Exercise aim
Without omission or alteration, write out all of the data.

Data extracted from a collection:
Segment Open
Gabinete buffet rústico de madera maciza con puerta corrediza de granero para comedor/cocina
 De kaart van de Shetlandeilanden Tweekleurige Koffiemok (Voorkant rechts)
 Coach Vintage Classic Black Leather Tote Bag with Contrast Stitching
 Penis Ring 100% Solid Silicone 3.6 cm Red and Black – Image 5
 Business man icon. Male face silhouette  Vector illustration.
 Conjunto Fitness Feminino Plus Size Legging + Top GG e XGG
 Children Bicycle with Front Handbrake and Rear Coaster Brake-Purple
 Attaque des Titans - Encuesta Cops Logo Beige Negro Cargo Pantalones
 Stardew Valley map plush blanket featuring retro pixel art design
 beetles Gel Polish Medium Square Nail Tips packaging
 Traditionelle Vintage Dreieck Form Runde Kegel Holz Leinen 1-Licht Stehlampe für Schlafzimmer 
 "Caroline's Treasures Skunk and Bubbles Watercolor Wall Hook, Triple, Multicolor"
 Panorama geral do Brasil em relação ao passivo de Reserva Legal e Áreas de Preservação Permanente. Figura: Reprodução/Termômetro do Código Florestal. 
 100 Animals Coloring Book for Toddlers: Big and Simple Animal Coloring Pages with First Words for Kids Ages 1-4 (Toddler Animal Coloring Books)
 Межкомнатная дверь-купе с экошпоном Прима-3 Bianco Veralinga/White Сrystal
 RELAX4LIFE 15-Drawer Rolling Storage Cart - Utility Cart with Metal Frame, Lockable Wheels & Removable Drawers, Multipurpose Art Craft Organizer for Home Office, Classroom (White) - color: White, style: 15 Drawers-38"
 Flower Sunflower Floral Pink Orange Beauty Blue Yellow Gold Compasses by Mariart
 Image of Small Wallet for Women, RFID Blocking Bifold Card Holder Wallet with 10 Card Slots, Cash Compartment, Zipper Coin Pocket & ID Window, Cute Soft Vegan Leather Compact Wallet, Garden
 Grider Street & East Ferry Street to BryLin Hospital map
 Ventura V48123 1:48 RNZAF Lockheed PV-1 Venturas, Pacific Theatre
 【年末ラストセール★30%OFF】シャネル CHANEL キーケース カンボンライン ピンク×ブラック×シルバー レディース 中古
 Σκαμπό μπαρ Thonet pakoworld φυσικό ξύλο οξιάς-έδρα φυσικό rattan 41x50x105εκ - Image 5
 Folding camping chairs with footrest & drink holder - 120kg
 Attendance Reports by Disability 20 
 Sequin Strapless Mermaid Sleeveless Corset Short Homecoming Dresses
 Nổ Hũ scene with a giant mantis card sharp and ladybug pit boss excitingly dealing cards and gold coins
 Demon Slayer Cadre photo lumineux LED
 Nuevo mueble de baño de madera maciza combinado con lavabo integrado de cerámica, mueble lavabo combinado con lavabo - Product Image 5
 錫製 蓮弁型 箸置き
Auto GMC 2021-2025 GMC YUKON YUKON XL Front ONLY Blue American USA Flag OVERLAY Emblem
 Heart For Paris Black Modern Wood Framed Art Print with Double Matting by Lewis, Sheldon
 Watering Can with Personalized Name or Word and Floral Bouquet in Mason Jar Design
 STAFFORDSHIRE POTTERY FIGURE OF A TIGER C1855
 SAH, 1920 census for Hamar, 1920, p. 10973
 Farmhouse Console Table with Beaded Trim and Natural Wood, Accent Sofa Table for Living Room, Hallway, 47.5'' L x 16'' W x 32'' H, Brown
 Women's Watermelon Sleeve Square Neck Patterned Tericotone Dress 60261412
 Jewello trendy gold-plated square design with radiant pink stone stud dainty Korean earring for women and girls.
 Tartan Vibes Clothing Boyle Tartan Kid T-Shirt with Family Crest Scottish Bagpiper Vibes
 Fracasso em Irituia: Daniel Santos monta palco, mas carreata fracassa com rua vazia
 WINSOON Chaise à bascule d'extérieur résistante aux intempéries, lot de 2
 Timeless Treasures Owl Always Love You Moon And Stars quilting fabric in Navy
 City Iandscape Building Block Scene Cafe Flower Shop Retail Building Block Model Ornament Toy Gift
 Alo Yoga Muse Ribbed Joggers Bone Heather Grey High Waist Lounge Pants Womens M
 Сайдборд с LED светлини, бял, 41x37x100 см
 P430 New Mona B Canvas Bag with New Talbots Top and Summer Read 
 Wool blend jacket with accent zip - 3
Segment Closed
Exercise solution
Gabinete buffet rústico de madera maciza con puerta corrediza de granero para comedor/cocina
 De kaart van de Shetlandeilanden Tweekleurige Koffiemok (Voorkant rechts)
 Coach Vintage Classic Black Leather Tote Bag with Contrast Stitching
 Penis Ring 100% Solid Silicone 3.6 cm Red and Black – Image 5
 Business man icon. Male face silhouette  Vector illustration.
 Conjunto Fitness Feminino Plus Size Legging + Top GG e XGG
 Children Bicycle with Front Handbrake and Rear Coaster Brake-Purple
 Attaque des Titans - Encuesta Cops Logo Beige Negro Cargo Pantalones
 Stardew Valley map plush blanket featuring retro pixel art design
 beetles Gel Polish Medium Square Nail Tips packaging
 Traditionelle Vintage Dreieck Form Runde Kegel Holz Leinen 1-Licht Stehlampe für Schlafzimmer 
 "Caroline's Treasures Skunk and Bubbles Watercolor Wall Hook, Triple, Multicolor"
 Panorama geral do Brasil em relação ao passivo de Reserva Legal e Áreas de Preservação Permanente. Figura: Reprodução/Termômetro do Código Florestal. 
 100 Animals Coloring Book for Toddlers: Big and Simple Animal Coloring Pages with First Words for Kids Ages 1-4 (Toddler Animal Coloring Books)
 Межкомнатная дверь-купе с экошпоном Прима-3 Bianco Veralinga/White Сrystal
 RELAX4LIFE 15-Drawer Rolling Storage Cart - Utility Cart with Metal Frame, Lockable Wheels & Removable Drawers, Multipurpose Art Craft Organizer for Home Office, Classroom (White) - color: White, style: 15 Drawers-38"
 Flower Sunflower Floral Pink Orange Beauty Blue Yellow Gold Compasses by Mariart
 Image of Small Wallet for Women, RFID Blocking Bifold Card Holder Wallet with 10 Card Slots, Cash Compartment, Zipper Coin Pocket & ID Window, Cute Soft Vegan Leather Compact Wallet, Garden
 Grider Street & East Ferry Street to BryLin Hospital map
 Ventura V48123 1:48 RNZAF Lockheed PV-1 Venturas, Pacific Theatre
 【年末ラストセール★30%OFF】シャネル CHANEL キーケース カンボンライン ピンク×ブラック×シルバー レディース 中古
 Σκαμπό μπαρ Thonet pakoworld φυσικό ξύλο οξιάς-έδρα φυσικό rattan 41x50x105εκ - Image 5
 Folding camping chairs with footrest & drink holder - 120kg
 Attendance Reports by Disability 20 
 Sequin Strapless Mermaid Sleeveless Corset Short Homecoming Dresses
 Nổ Hũ scene with a giant mantis card sharp and ladybug pit boss excitingly dealing cards and gold coins
 Demon Slayer Cadre photo lumineux LED
 Nuevo mueble de baño de madera maciza combinado con lavabo integrado de cerámica, mueble lavabo combinado con lavabo - Product Image 5
 錫製 蓮弁型 箸置き
Auto GMC 2021-2025 GMC YUKON YUKON XL Front ONLY Blue American USA Flag OVERLAY Emblem
 Heart For Paris Black Modern Wood Framed Art Print with Double Matting by Lewis, Sheldon
 Watering Can with Personalized Name or Word and Floral Bouquet in Mason Jar Design
 STAFFORDSHIRE POTTERY FIGURE OF A TIGER C1855
 SAH, 1920 census for Hamar, 1920, p. 10973
 Farmhouse Console Table with Beaded Trim and Natural Wood, Accent Sofa Table for Living Room, Hallway, 47.5'' L x 16'' W x 32'' H, Brown
 Women's Watermelon Sleeve Square Neck Patterned Tericotone Dress 60261412
 Jewello trendy gold-plated square design with radiant pink stone stud dainty Korean earring for women and girls.
 Tartan Vibes Clothing Boyle Tartan Kid T-Shirt with Family Crest Scottish Bagpiper Vibes
 Fracasso em Irituia: Daniel Santos monta palco, mas carreata fracassa com rua vazia
 WINSOON Chaise à bascule d'extérieur résistante aux intempéries, lot de 2
 Timeless Treasures Owl Always Love You Moon And Stars quilting fabric in Navy
 City Iandscape Building Block Scene Cafe Flower Shop Retail Building Block Model Ornament Toy Gift
 Alo Yoga Muse Ribbed Joggers Bone Heather Grey High Waist Lounge Pants Womens M
 Сайдборд с LED светлини, бял, 41x37x100 см
 P430 New Mona B Canvas Bag with New Talbots Top and Summer Read 
 Wool blend jacket with accent zip - 3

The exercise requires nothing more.